Bierski v. Poland 46342/19 (2023) 77 E.H.R.R. 15 (Bierski)
In Bierski, a father applied to the ECtHR claiming access to his adult son who had Down syndrome. The son’s mother was his appointed guardian and was refusing the father contact, and the Polish court had refused to intervene. At [39]-[40], the ECtHR reiterated that the existence of family life was “essentially a question of fact depending upon the existence of close personal ties” and “the principle that relationships between parents and adult children do not fall within the protective scope of Article 8 unless “additional factors of dependence, other than normal emotional ties, are shown to exist””.
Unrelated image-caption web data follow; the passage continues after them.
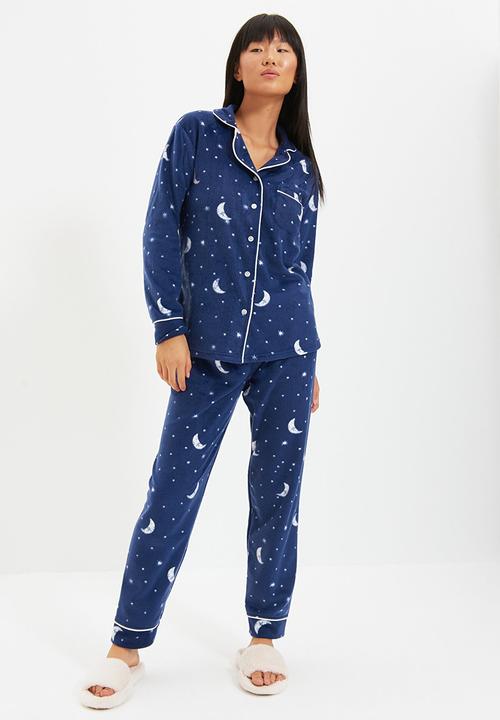 Trendyol - Moon pattern knitted pajama set - navy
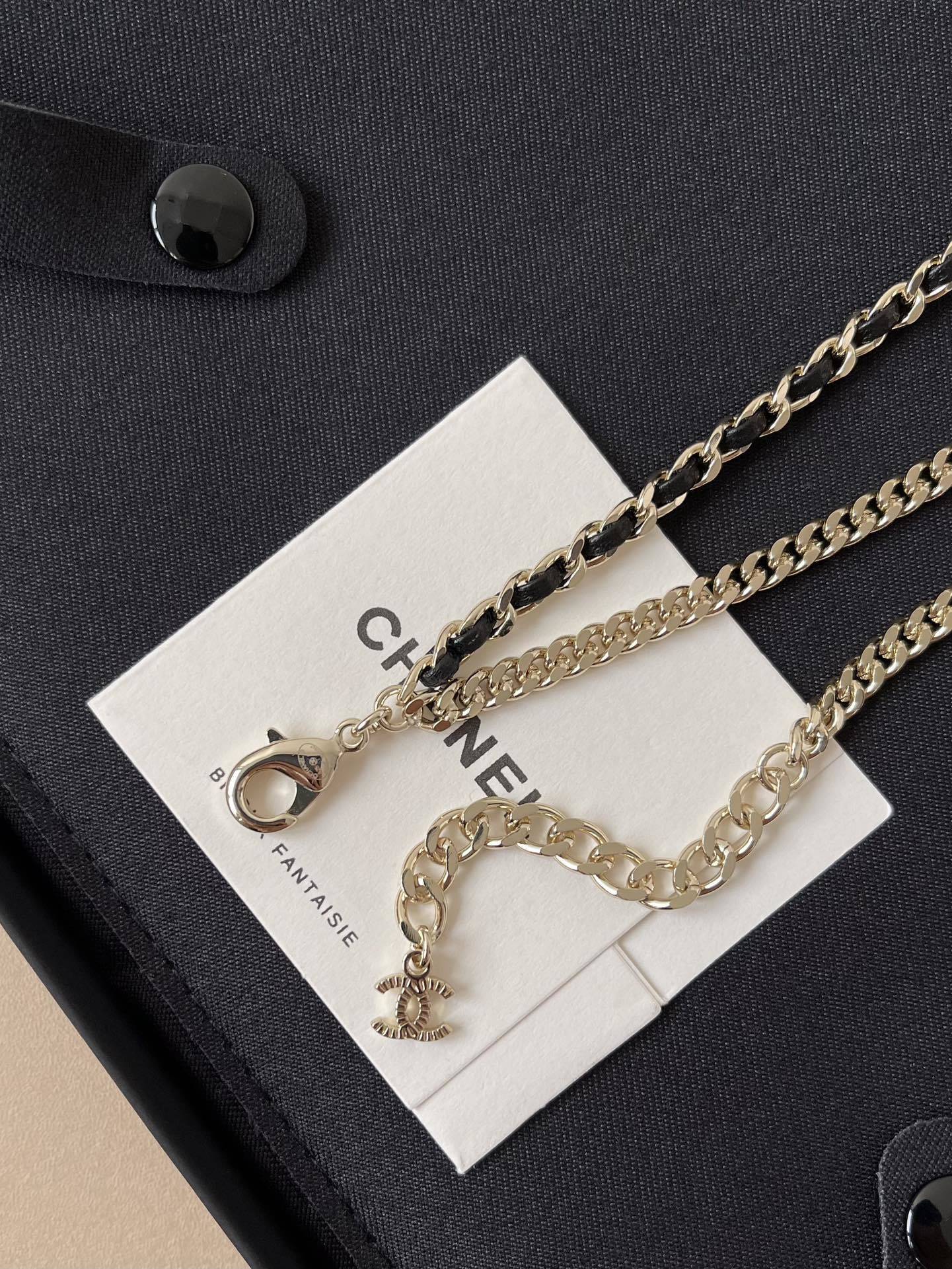 Luxury Chanel Double Chain CC Logo Necklace - Gold & Black Leather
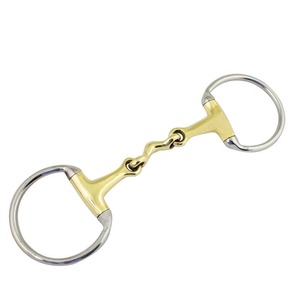 Mors de cheval de style occidental en cuivre avec chaîne à crochets et garnitures argentées, rouleau central pour joues, pour la mastication équine - Product Image 2
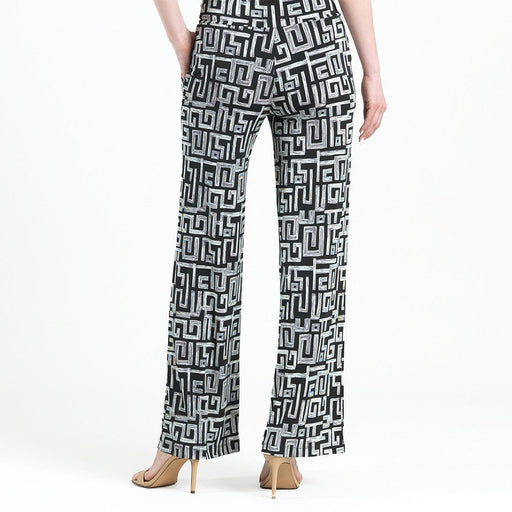 Clara Sunwoo : Textured Wide Leg Pocket Pant - Greek Key - Clara Sunwoo : Textured Wide Leg Pocket Pant - Greek Key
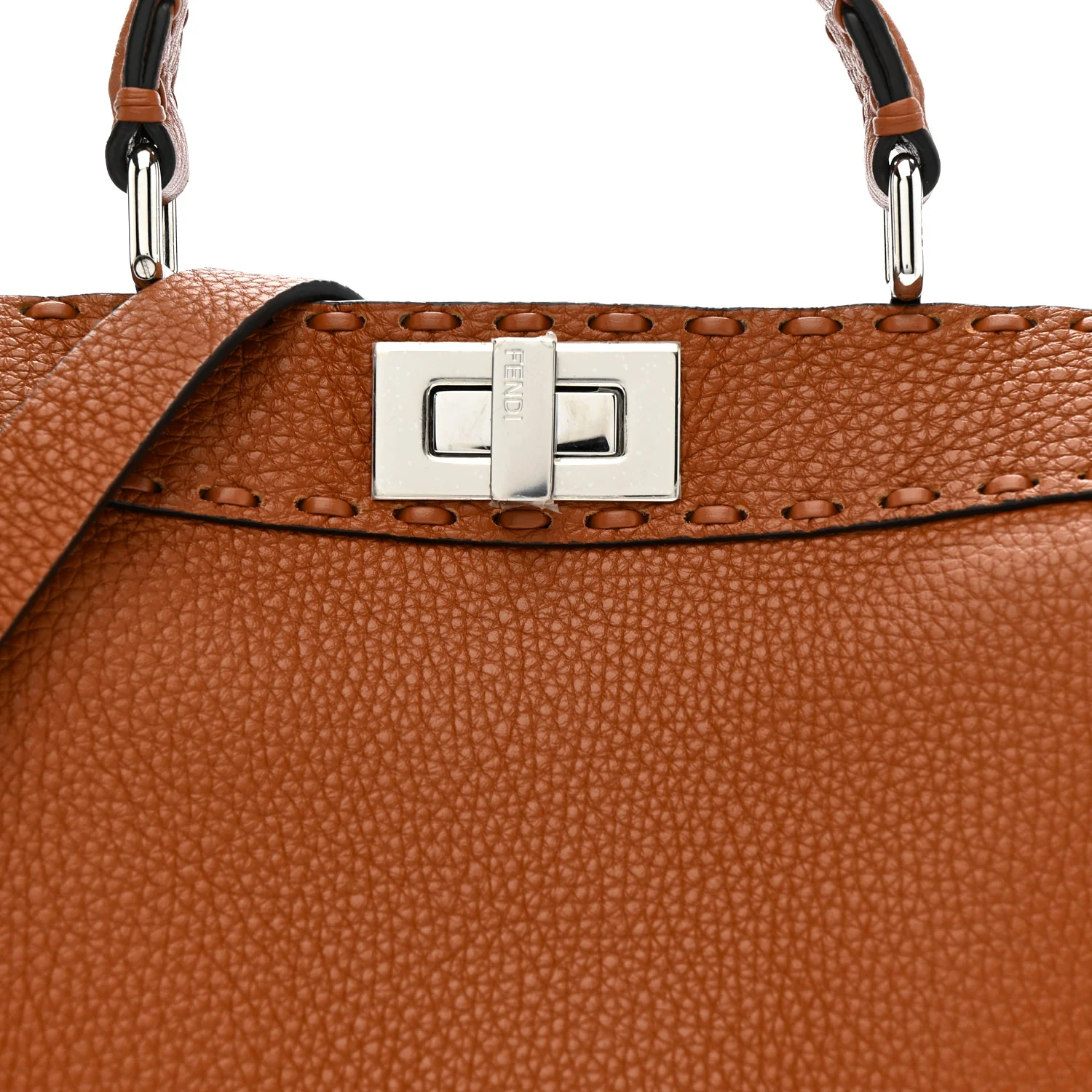 Cuoio Roma Sellerissima Nappa Sintetica Tape Stitch Small Peekaboo I SEE U Satchel Brandy - Image 8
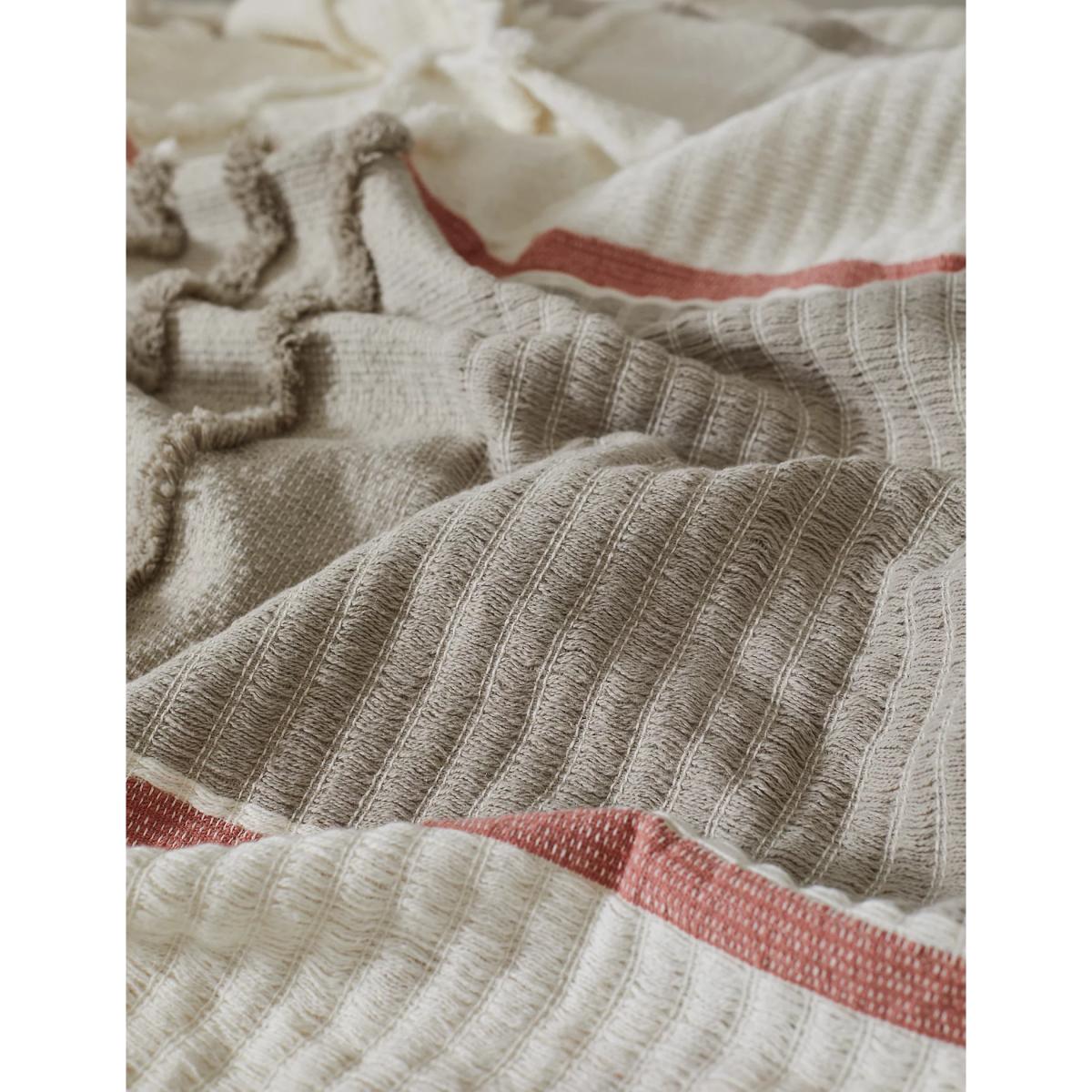 M&S X Fired Earth  Marrakech Collection El Hara Tufted Throw - Ivory Mix, Ivory Mix – image 4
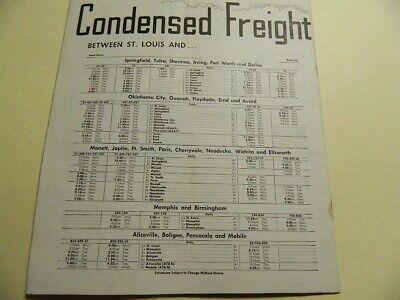 FRISCO 1953 St Louis San Francisco Railroad timetable ephemera condensed freight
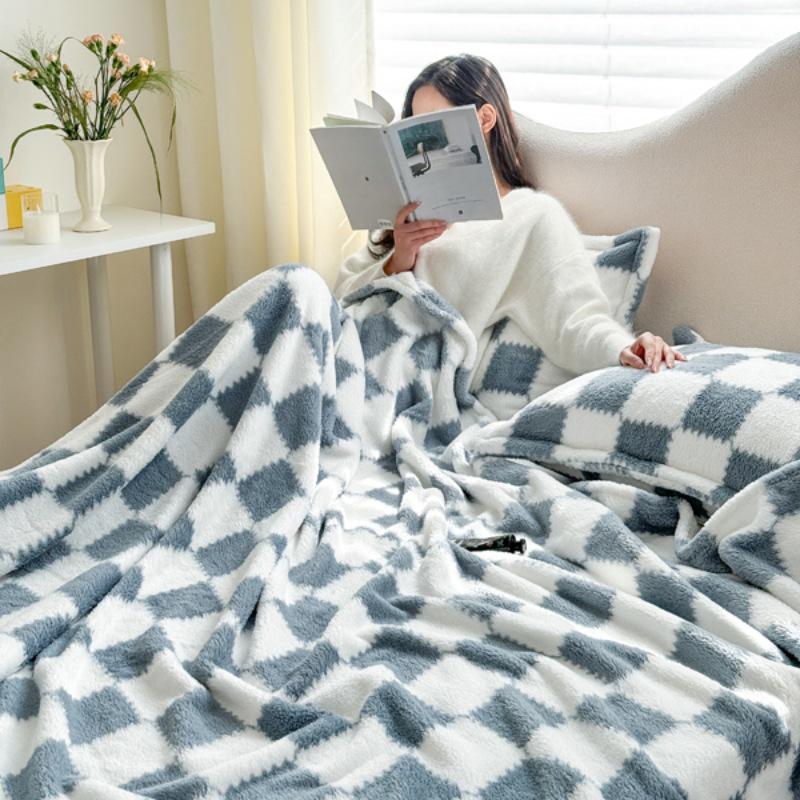 Flanelová kostkovaná deka - Silná sametová deka na spaní, přehoz na pohovku a klimatizační deka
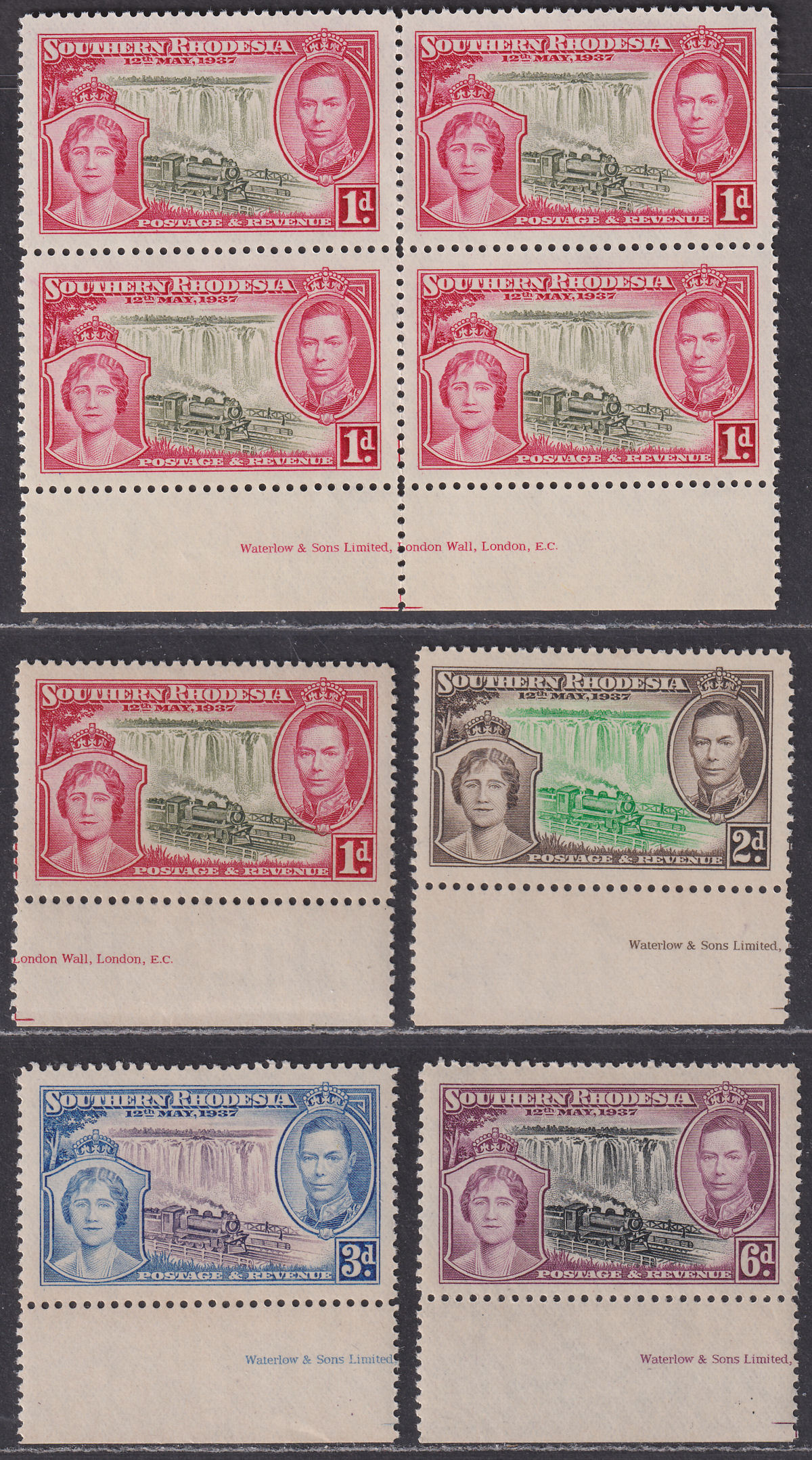 Southern Rhodesia 1937 KGVI Coronation Imprint Set Mint SG36-39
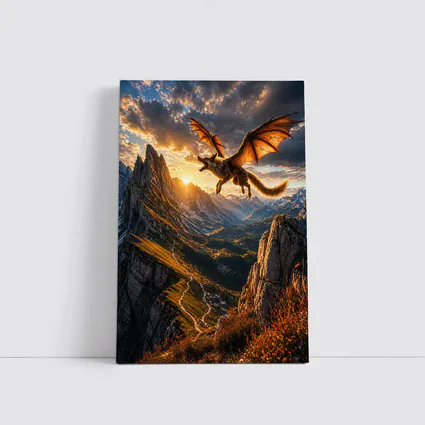 Dragon Wolf Flying Over Mountain Sunset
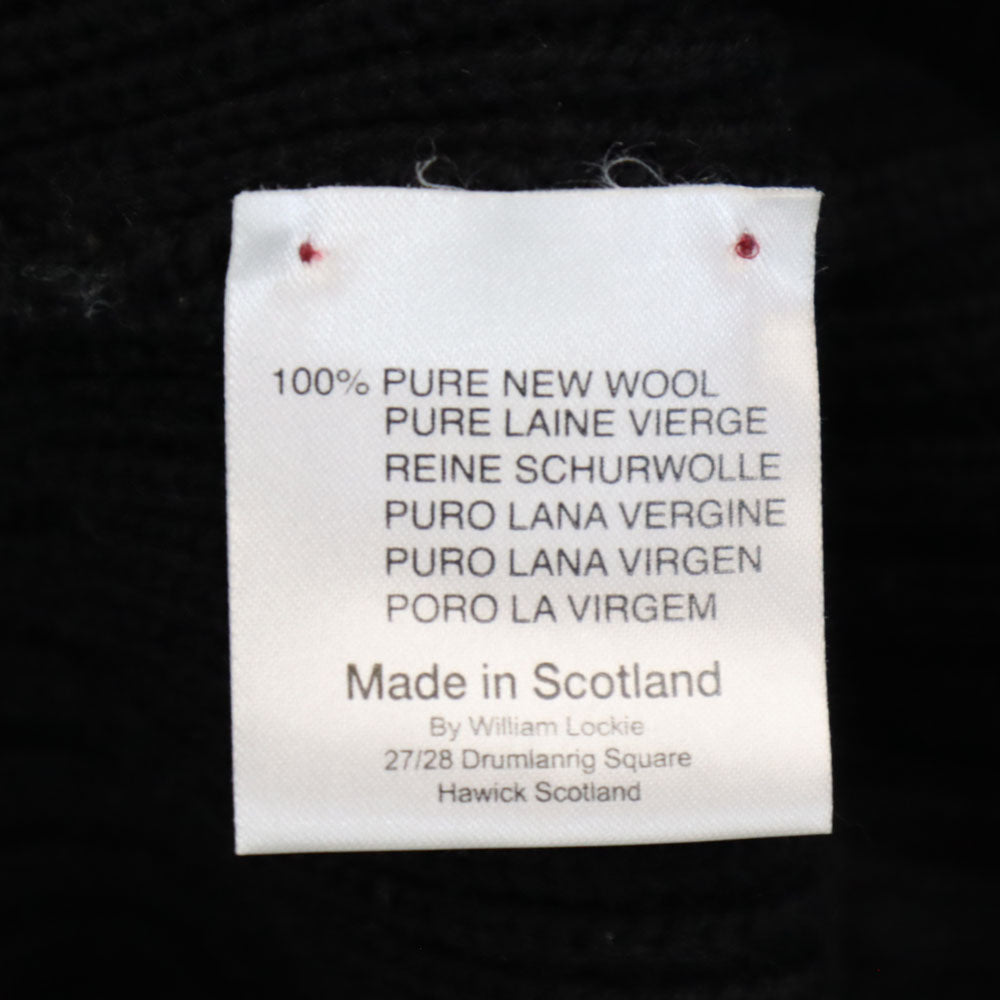 WILLIAM LOCKIE ウィリアムロッキー スコットランド製 ウール オールド 長袖 エルボーパッチ セーター 36 ブラック ニット メンズ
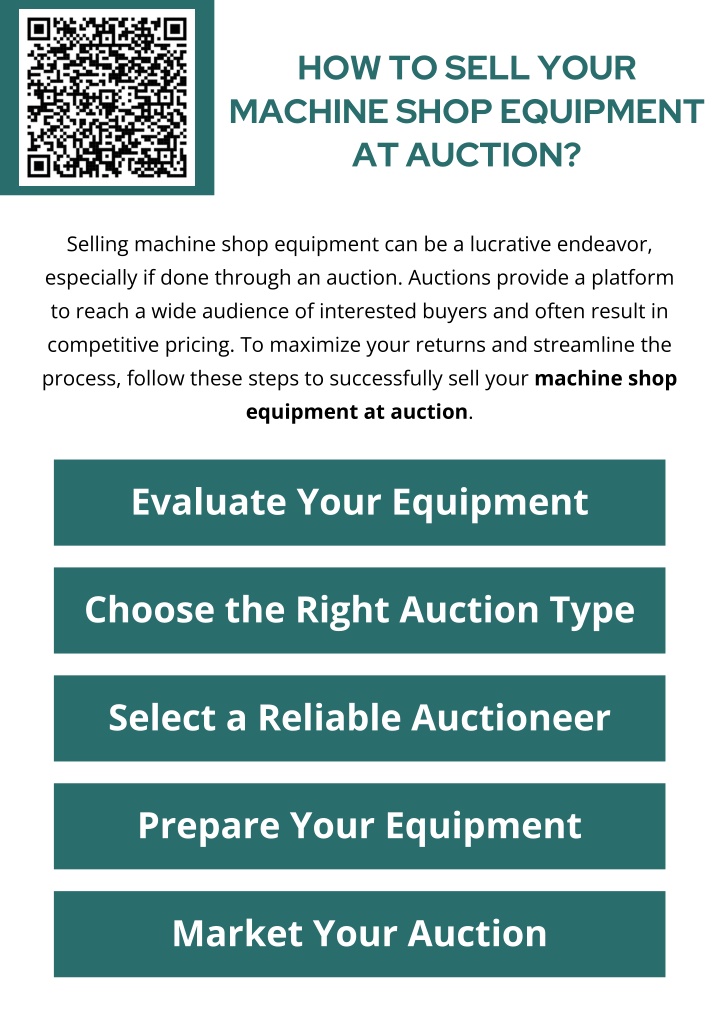 how to sell your machine shop equipment at auction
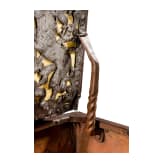 A German war chest with wrought iron stand, dated 1708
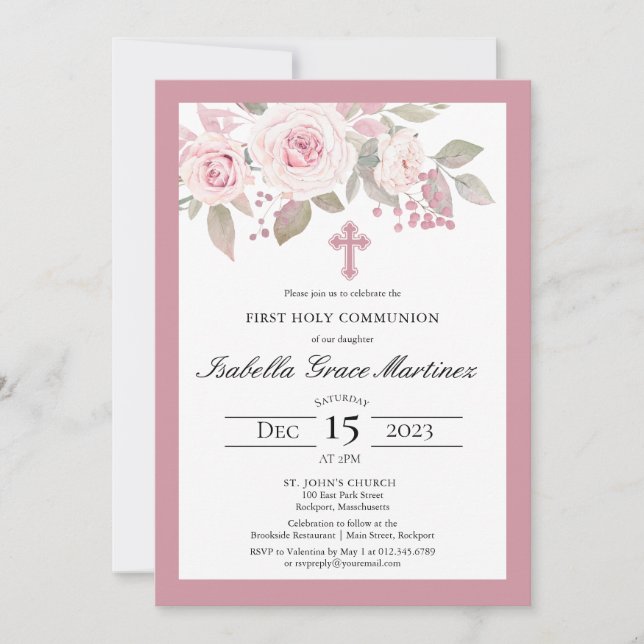 Rosa Rose Peony Floral Erste Heilige Kommune Einladung (Vorderseite)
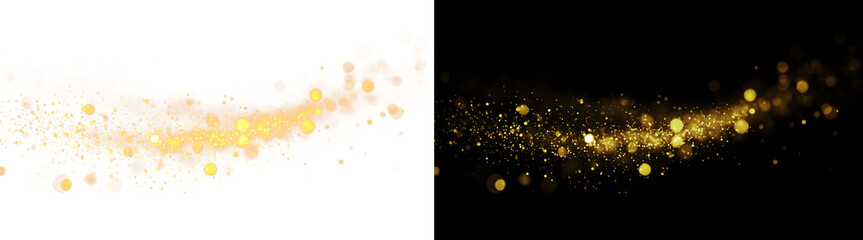 Golden bokeh wave abstract background, sparkling magic dust trail, festive glowing lights and shiny particles on black © Viktoriia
At [47] in Bierski, the ECtHR reasoned that the father had a father-son relationship with the son and had had regular contact with him before the guardianship order. The son was part of the father’s core family even after he reached 18. The son was fully incapacitated and did not communicate with those not known to him. The ECtHR found that “additional factors of dependence”, and therefore family life, existed between father and son, as the applicant was one of the close persons who could communicate with him.
Kumari
In Kumari, family life was claimed for an elderly widowed mother in India (without other local family there) and her eldest adult son resident in the Netherlands, so that the mother could live with that son in the Netherlands. The mother and son made regular visits to each other in both countries. It was argued that her presence was necessary in the Netherlands for the son’s mental recovery in coping with the death of a prematurely born daughter.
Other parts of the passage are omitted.